The data needs to be returned in full, exactly as it reads.

::::::

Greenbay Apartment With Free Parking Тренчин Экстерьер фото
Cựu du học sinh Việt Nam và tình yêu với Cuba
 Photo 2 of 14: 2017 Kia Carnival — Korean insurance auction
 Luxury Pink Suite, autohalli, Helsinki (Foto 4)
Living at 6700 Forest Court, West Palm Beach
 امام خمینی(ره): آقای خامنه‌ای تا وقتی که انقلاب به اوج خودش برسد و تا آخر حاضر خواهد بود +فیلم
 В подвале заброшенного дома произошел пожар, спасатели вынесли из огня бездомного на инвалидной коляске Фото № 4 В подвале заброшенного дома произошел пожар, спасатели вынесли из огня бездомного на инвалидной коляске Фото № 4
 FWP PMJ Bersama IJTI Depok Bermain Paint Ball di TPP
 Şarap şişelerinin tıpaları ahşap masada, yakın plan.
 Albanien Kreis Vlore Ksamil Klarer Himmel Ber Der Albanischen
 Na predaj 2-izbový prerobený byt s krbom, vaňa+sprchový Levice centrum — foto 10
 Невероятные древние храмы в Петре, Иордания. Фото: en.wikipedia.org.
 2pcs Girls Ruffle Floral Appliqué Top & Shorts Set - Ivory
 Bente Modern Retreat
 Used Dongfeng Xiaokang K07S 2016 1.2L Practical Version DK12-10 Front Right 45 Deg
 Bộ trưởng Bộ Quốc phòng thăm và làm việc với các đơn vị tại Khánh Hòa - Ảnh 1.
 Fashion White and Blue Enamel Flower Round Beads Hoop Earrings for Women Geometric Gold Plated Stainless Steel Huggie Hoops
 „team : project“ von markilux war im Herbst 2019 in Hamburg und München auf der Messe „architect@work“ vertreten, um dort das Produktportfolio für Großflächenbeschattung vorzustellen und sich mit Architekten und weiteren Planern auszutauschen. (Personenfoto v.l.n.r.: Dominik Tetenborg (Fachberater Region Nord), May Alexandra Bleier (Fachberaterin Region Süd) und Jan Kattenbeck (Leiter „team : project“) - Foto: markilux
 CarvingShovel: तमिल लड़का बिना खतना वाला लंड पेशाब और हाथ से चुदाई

::::::

RESPONSE FOR THIS EXERCISE:
Greenbay Apartment With Free Parking Тренчин Экстерьер фото
Cựu du học sinh Việt Nam và tình yêu với Cuba
 Photo 2 of 14: 2017 Kia Carnival — Korean insurance auction
 Luxury Pink Suite, autohalli, Helsinki (Foto 4)
Living at 6700 Forest Court, West Palm Beach
 امام خمینی(ره): آقای خامنه‌ای تا وقتی که انقلاب به اوج خودش برسد و تا آخر حاضر خواهد بود +فیلم
 В подвале заброшенного дома произошел пожар, спасатели вынесли из огня бездомного на инвалидной коляске Фото № 4 В подвале заброшенного дома произошел пожар, спасатели вынесли из огня бездомного на инвалидной коляске Фото № 4
 FWP PMJ Bersama IJTI Depok Bermain Paint Ball di TPP
 Şarap şişelerinin tıpaları ahşap masada, yakın plan.
 Albanien Kreis Vlore Ksamil Klarer Himmel Ber Der Albanischen
 Na predaj 2-izbový prerobený byt s krbom, vaňa+sprchový Levice centrum — foto 10
 Невероятные древние храмы в Петре, Иордания. Фото: en.wikipedia.org.
 2pcs Girls Ruffle Floral Appliqué Top & Shorts Set - Ivory
 Bente Modern Retreat
 Used Dongfeng Xiaokang K07S 2016 1.2L Practical Version DK12-10 Front Right 45 Deg
 Bộ trưởng Bộ Quốc phòng thăm và làm việc với các đơn vị tại Khánh Hòa - Ảnh 1.
 Fashion White and Blue Enamel Flower Round Beads Hoop Earrings for Women Geometric Gold Plated Stainless Steel Huggie Hoops
 „team : project“ von markilux war im Herbst 2019 in Hamburg und München auf der Messe „architect@work“ vertreten, um dort das Produktportfolio für Großflächenbeschattung vorzustellen und sich mit Architekten und weiteren Planern auszutauschen. (Personenfoto v.l.n.r.: Dominik Tetenborg (Fachberater Region Nord), May Alexandra Bleier (Fachberaterin Region Süd) und Jan Kattenbeck (Leiter „team : project“) - Foto: markilux
 CarvingShovel: तमिल लड़का बिना खतना वाला लंड पेशाब और हाथ से चुदाई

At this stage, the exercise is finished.